▶ Problem to work on: What you give back from the listing below should be an exact copy of the lines from the one with "Close-up of white flowers" down to the one with "White easter eggs", and it should contain no pictures.

▶ Records for this task:
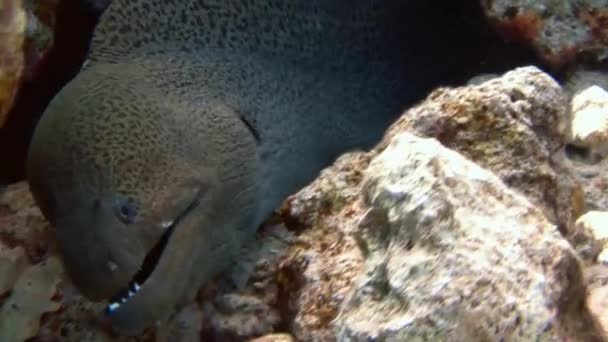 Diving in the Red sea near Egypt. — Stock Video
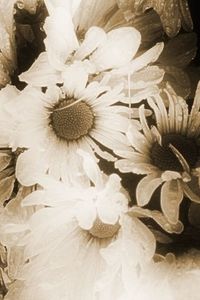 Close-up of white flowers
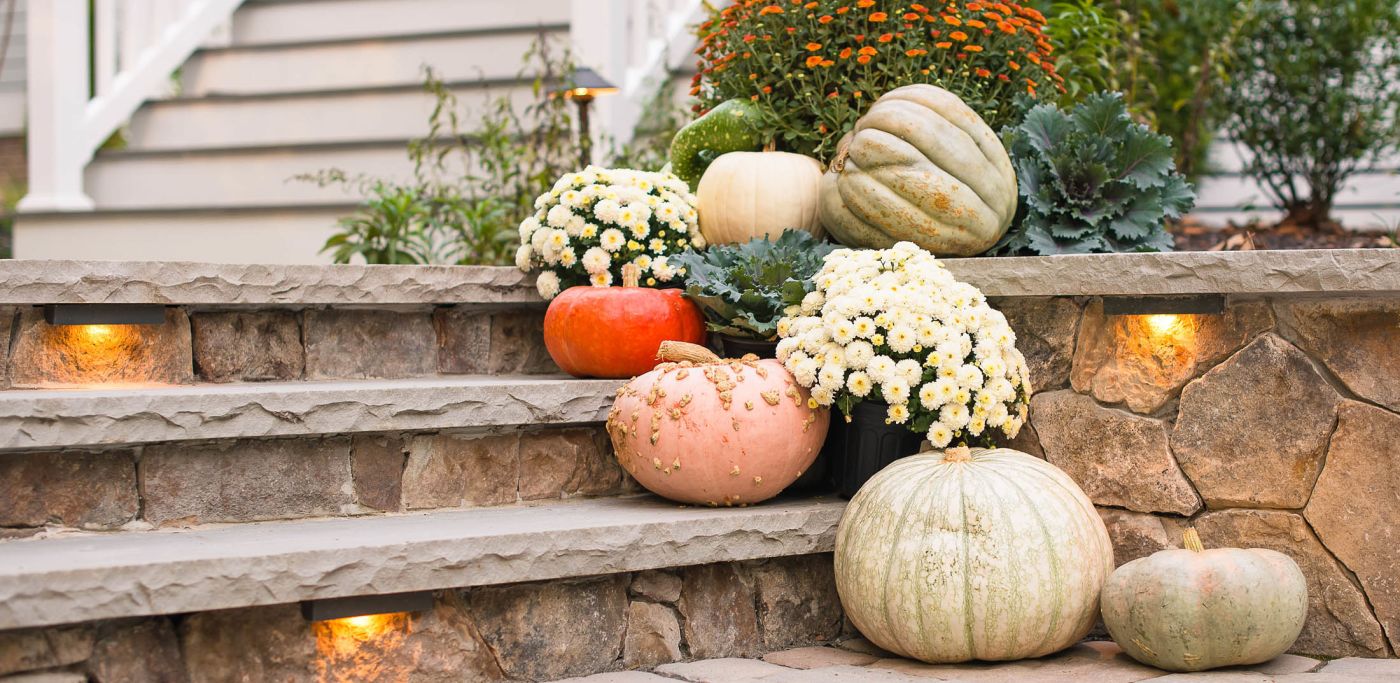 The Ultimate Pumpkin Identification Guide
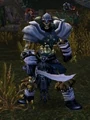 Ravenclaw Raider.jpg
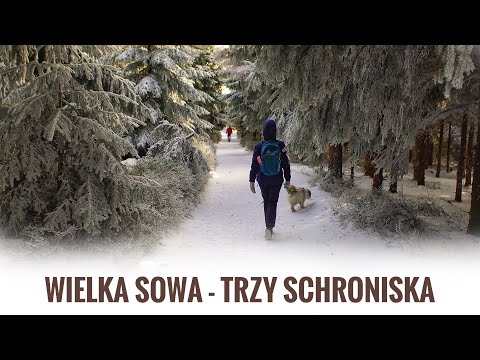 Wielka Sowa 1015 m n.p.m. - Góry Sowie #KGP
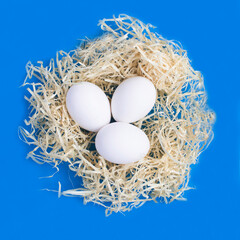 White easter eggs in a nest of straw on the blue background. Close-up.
--
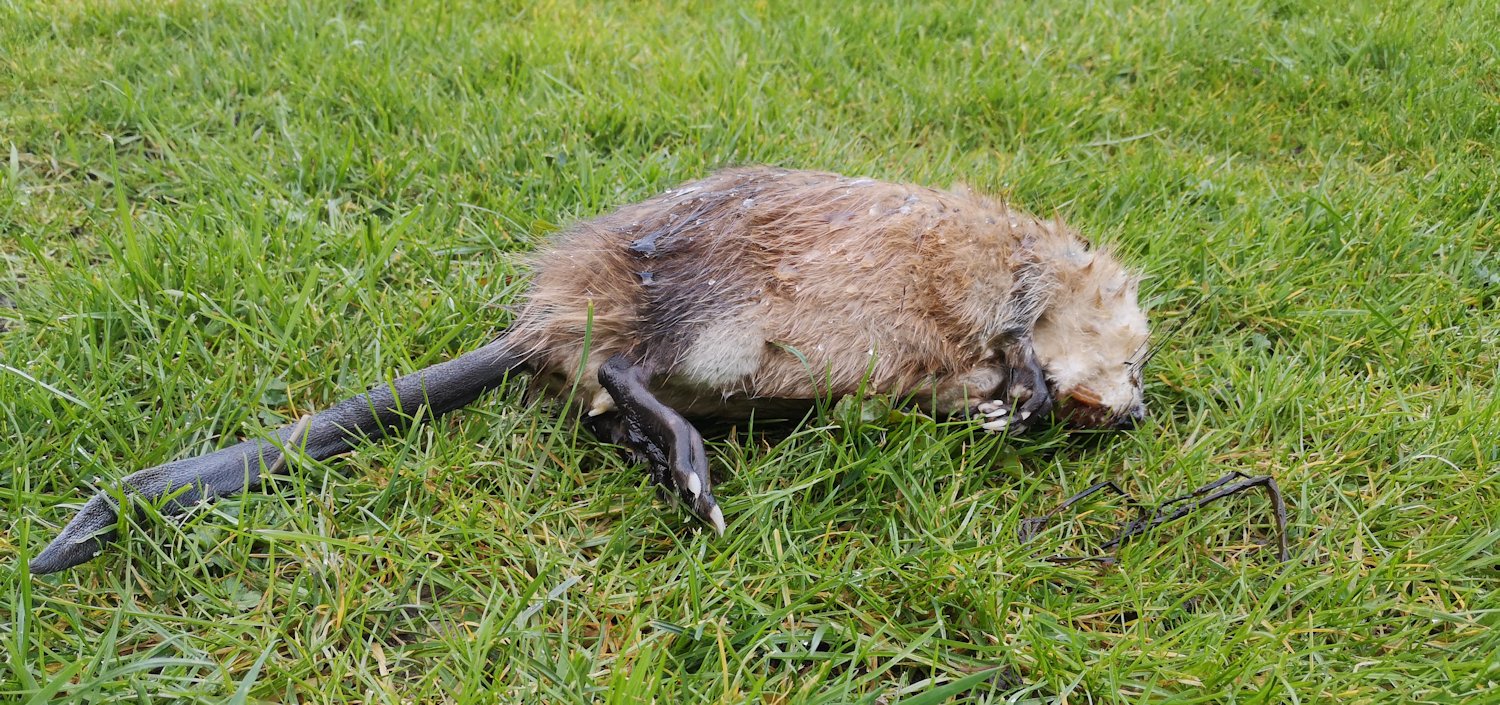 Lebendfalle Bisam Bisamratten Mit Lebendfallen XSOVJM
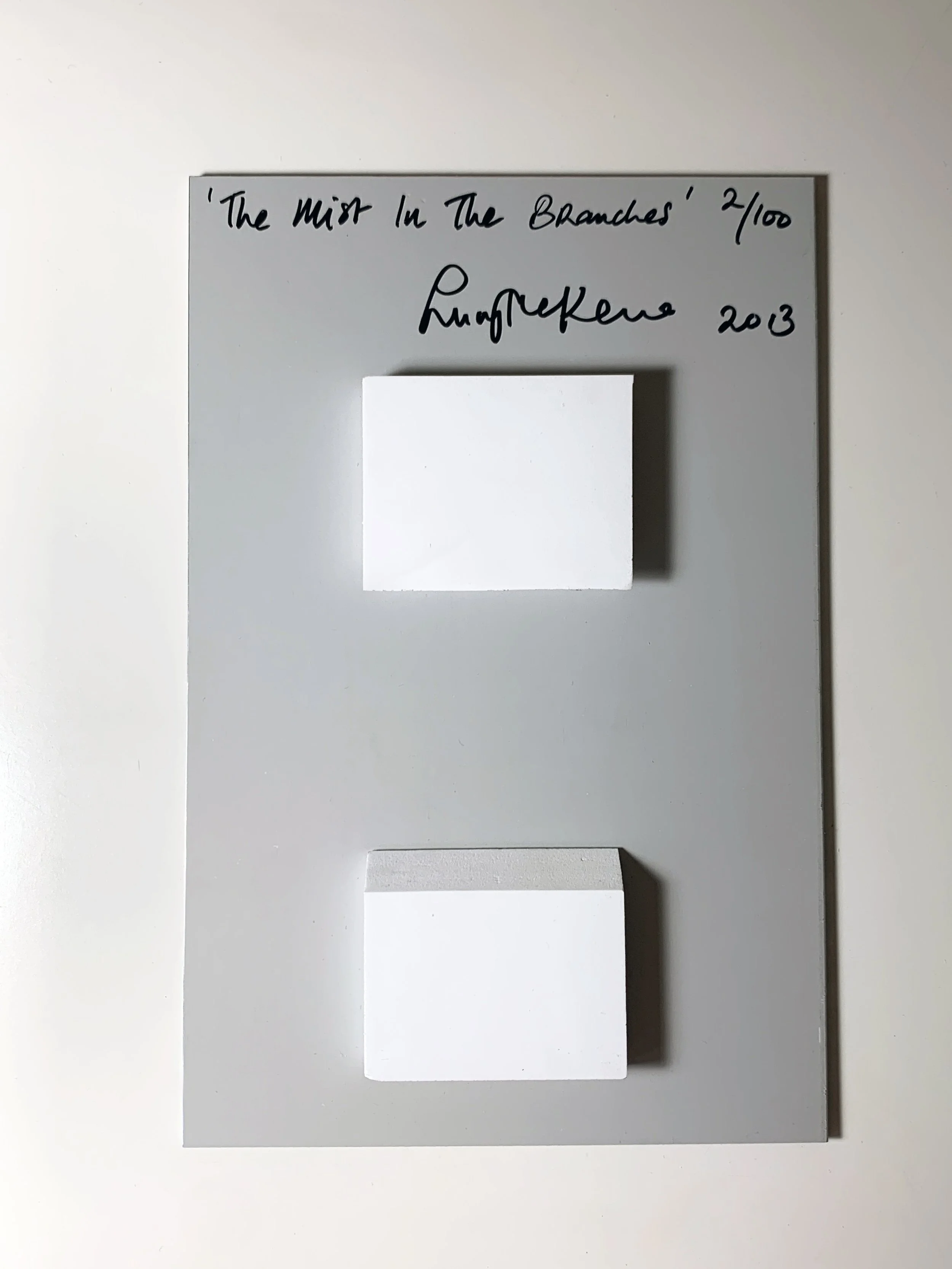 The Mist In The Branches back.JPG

▶ Task response:
 Close-up of white flowers
 The Ultimate Pumpkin Identification Guide
 Ravenclaw Raider.jpg
 Wielka Sowa 1015 m n.p.m. - Góry Sowie #KGP
 White easter eggs in a nest of straw on the blue background. Close-up.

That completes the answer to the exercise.